騎手会長・武豊(45)の言葉を借りれば、「2015年は新しい時代の幕開け」だという。日本でもおなじみのM・デムーロ(35)=JRA通算354勝=とC・ルメール(35)=同245勝=の、JRA通年騎手免許の取得が濃厚なのだ。これまで外国人騎手に与えられるのは年間最大3カ月の騎乗に限られる「短期免許」だったが、本免許取得となれば日本人騎手と同等の扱いで、年間を通して騎乗可能になる。デムーロ、ルメールは昨年10月の1次筆記試験に合格し、今年2月の2次試験(面接)に臨む。スポーツ紙デスクが話す。
「一昨年こそ1次試験不合格だったデムーロは、ほぼリベンジを果たしそうです。初挑戦のルメールは半々という状況ですが」
特にデムーロは母国イタリアから家族を伴っての来日予定だというから、気合い十分。海外競馬事情に詳しい競馬ライターの秋山響氏が解説する。
「近年のイタリア競馬界は、馬券売り上げの急速な低下や統括団体の長年の放漫経営がたたって、財政が悪化。賞金未払い問題が発生し、一時は競馬一流国の証しである『パート1国』から外される可能性もあったほどで、優秀な人材の流出は当然と言えます」
昨年のデムーロは独オークスを勝ち、日本でも高松宮記念(GI)を制覇。その実力に疑いの余地はない。

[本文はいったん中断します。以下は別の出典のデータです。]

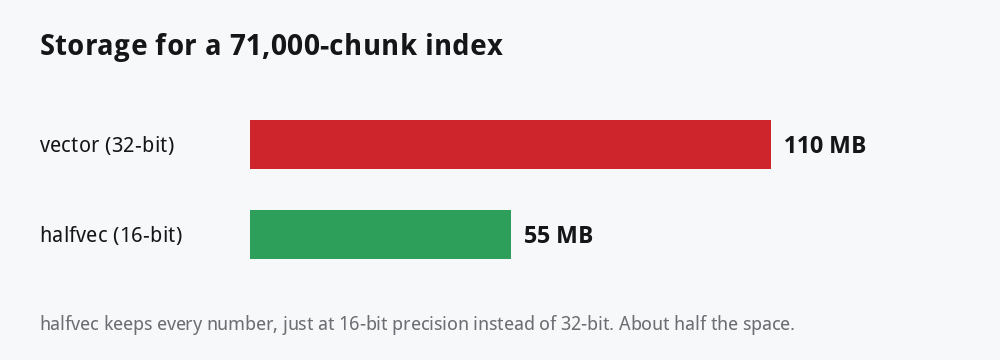 Bar chart: vector at 32-bit needs 110 MB, halfvec at 16-bit needs 55 MB for the same 71,000 chunks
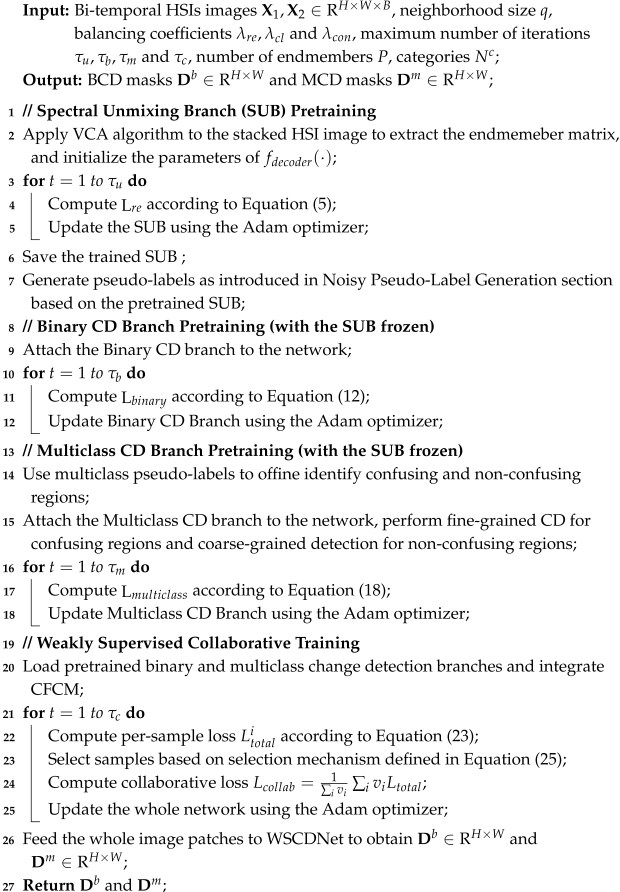 Remotesensing 17 02624 i001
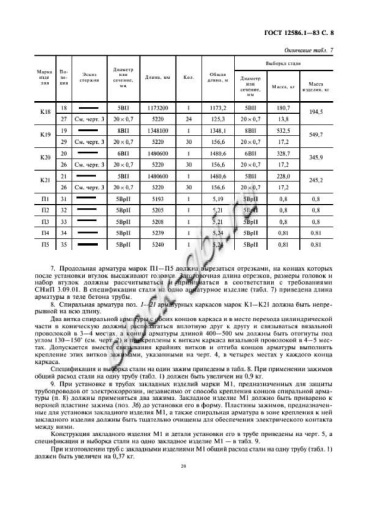 Труба ТН 160-2 Труба ТН 160-2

「世界中で結果を残すことは対応能力の高い証拠で、トップ騎手の中でも一握りの者にしかできない芸当です」(秋山氏)
ルメールもまた、世界を渡り歩くトップ騎手だ。
「昨年こそ海外で重賞を勝てませんでしたが、これはアガ・カーン殿下(凱旋門賞馬ザルカヴァなどで知られる馬主)との契約が13年で切れたこともあり、騎乗馬に恵まれなかったという印象です。それでも昨年の凱旋門賞では仏牝馬2冠馬アヴニールセルタンの手綱が回ってくるなど海外関係者の信頼は厚く、衰えなどまったく見られませんよ」(秋山氏)
もし2人がそろって合格となれば国内のリーディング争いが激化し、騎手間の収入格差が一気に広がることに。スポーツ紙デスクは、
「デムーロとルメールは有力馬を持つ社台グループからの信頼が厚いだけに、2人で300勝はいくのでは。その分、日本人騎手の勝ち鞍は減ります。もし、勝率が2割なら1500回の騎乗になる。当然、若手の浜中や三浦、中堅の川田や田辺らは、ローカル騎乗で勝ち星を重ねてトップ10を目指すことになりかねない。最も割りを食うのはトップ50以下のクラスで、勝利数だけでなく騎乗数も激減しそうです」
まさに騎手会にとっては黒船襲来だが、世界進出を目指す社台グループとしては、願ってもない話だという。スポーツ紙デスクが続ける。
「海外の一流騎手は専属契約があって、日本陣営は遠征先での騎手探しに頭を痛めていただけに心強い」
今年の凱旋門賞では、日本馬とのコンビもありそうだ。すでにキズナとラブイズブーシェの陣営が参戦を表明。秋山氏が見どころを解説する。
「93回の歴史で、連覇は6頭。ただ、3連覇はなく、トレヴがその偉業に挑む。阻む候補としては、現地からハープスターとエピファネイアの名前が聞こえてきます。ブックメーカーの前売りを見ても、トレヴに続き、2、3番人気です」
ハープスターは昨年の凱旋門賞で33秒台の豪脚を繰り出し、世界をアッと言わせた。エピファネイアは、ジャパンカップで圧勝。名手スミヨンが「今まで乗った日本馬でいちばん強い」と絶賛したものだった。
「凱旋門賞は賞金が上がったため、今や多頭数は当たり前。後方からでは馬群をさばくのが難しく、勝つのは厳しい。先行馬群で我慢できる精神力の強さが必要でしょう」(秋山氏)
ならば、JCで先行策から後続を4馬身も突き放したエピファネイアか。